En 2010, le Front de Gauche s’était présenté de manière autonome et avait effectué avec votre liste une fusion technique au second tour, sans signer de contrat de mandature afin de rester libre de ses votes. Nous assumons totalement le bilan de nos deux élues PG de Rhône-Alpes, Elisa Martin et Corinne Morel Darleux. Aujourd’hui, notre objectif est d’élargir ce rassemblement, en tirant les leçons de ces cinq années et sur la base d’une vision nouvelle pour notre région.

Pour toutes ces raisons, les adhérents du Parti de Gauche, réunis en assemblée générale Auvergne – Rhône Alpes, ont collectivement réaffirmé leur choix, conforme à nos orientations nationales, de construire pour ces élections une liste de rassemblement citoyen la plus large possible à gauche, indépendante du PS, avec comme objectif d’arriver en tête de la gauche le soir du premier tour.

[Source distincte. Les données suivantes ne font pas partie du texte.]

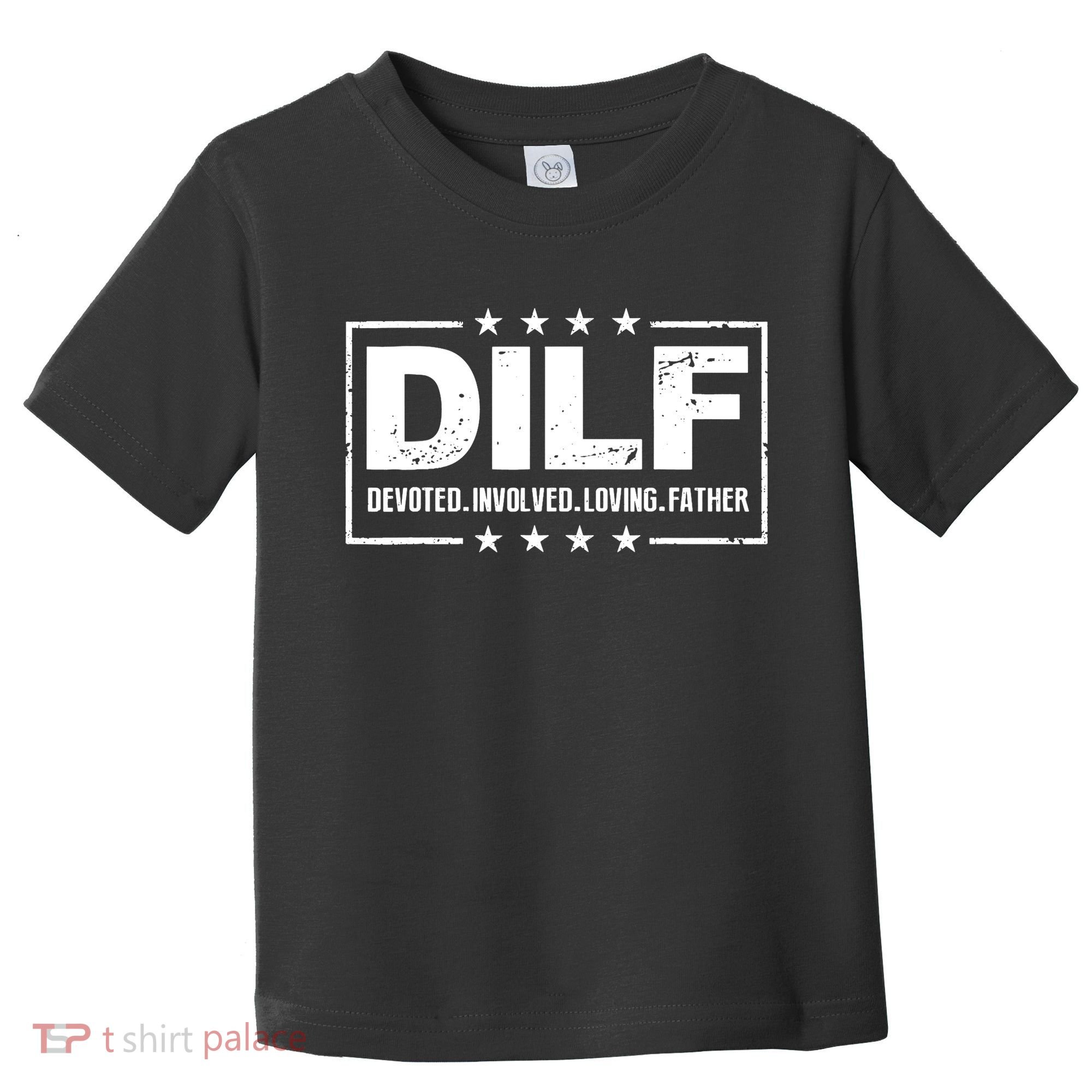 DILF Devoted Involved Loving Father Dad Papa Toddler T-Shirt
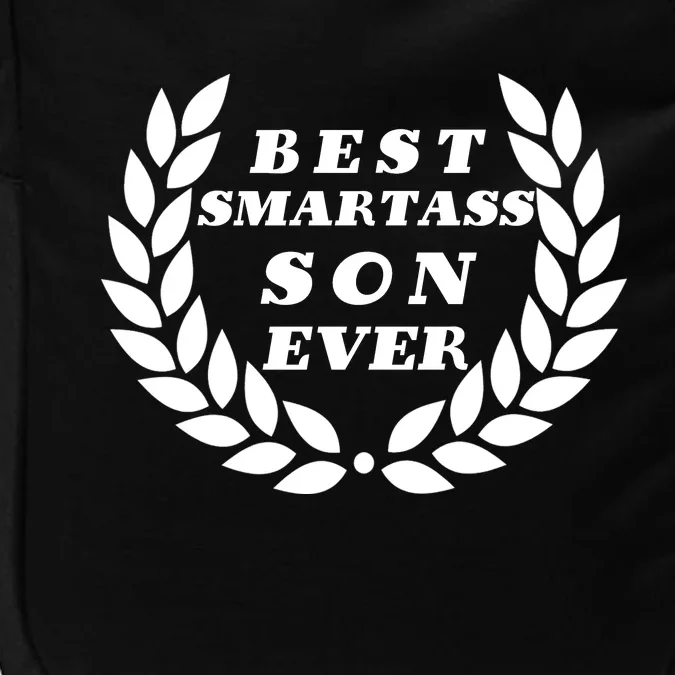 Best Smartass Son Ever Impact Tech Backpack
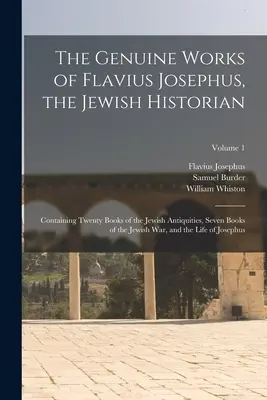 The Genuine Works of Flavius Josephus, the Jewish Historian: Zawierające Dwadzieścia Ksiąg Starożytności Żydowskich, Siedem Ksiąg Wojny Żydowskiej, oraz - The Genuine Works of Flavius Josephus, the Jewish Historian: Containing Twenty Books of the Jewish Antiquities, Seven Books of the Jewish War, and the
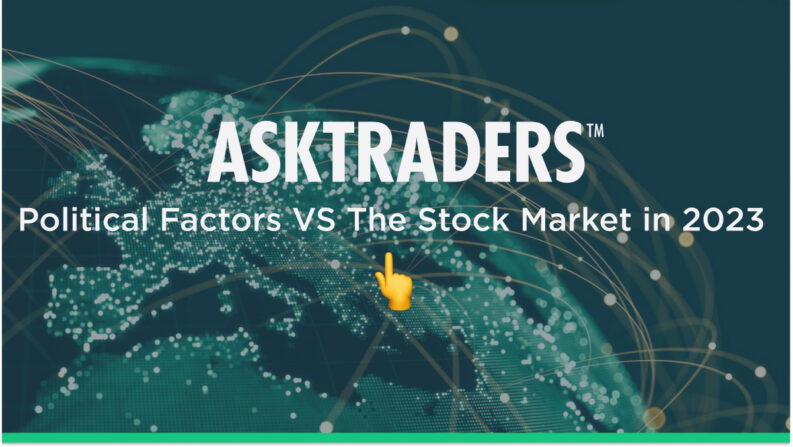 Political Factors That Could Affect the Stock Market in 2023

Nous avons donc initié des discussions pour former une liste commune avec toutes celles et ceux qui en partagent les bases, avec nos partenaires du Front de Gauche, Europe-Ecologie-les-Verts et Nouvelle Donne notamment, mais aussi avec des citoyens engagés en dehors des partis. C’est le choix de nos militants mais c’est aussi le désir maintes fois exprimé par nos concitoyens qui voient bien eux, chaque jour, l’urgence à ce que leur quotidien change. C’est ce qu’ont montré les élections départementales où ce rassemblement large s’est construit. Là où vous voyez un affaiblissement de la gauche, nous y voyons une réaffirmation et un renforcement de ses valeurs. Lycées et formation professionnelle, culture, transports, agriculture et ruralité, climat et énergie, économie : dans tous les domaines ce sont la démocratie, l’égalité, la relocalisation de l’activité, la transition écologique et la défense du bien public qui doivent guider notre action.

Nous ferons donc tout pour que cette démarche de rassemblement aboutisse, en lien permanent avec les citoyens et la société civile, afin que les politiques régionales soient mises au service d’un projet de solidarité et de bien vivre ensemble.

Voilà ce qui, pour le Parti de Gauche, s’appelle “faire preuve de responsabilité”. Oui, notre belle région aura besoin de l’intelligence de tous. Mais cette intelligence collective se construit dans le débat argumenté, dans l’élaboration d’un projet partagé, et non dans des accords électoraux faisant fi du passé et de l’avenir.

Un “projet de vie et d’espoir”, écrivez-vous. Oui. Celui du changement.

Nous voulons donner à Rhône-Alpes Auvergne un autre avenir.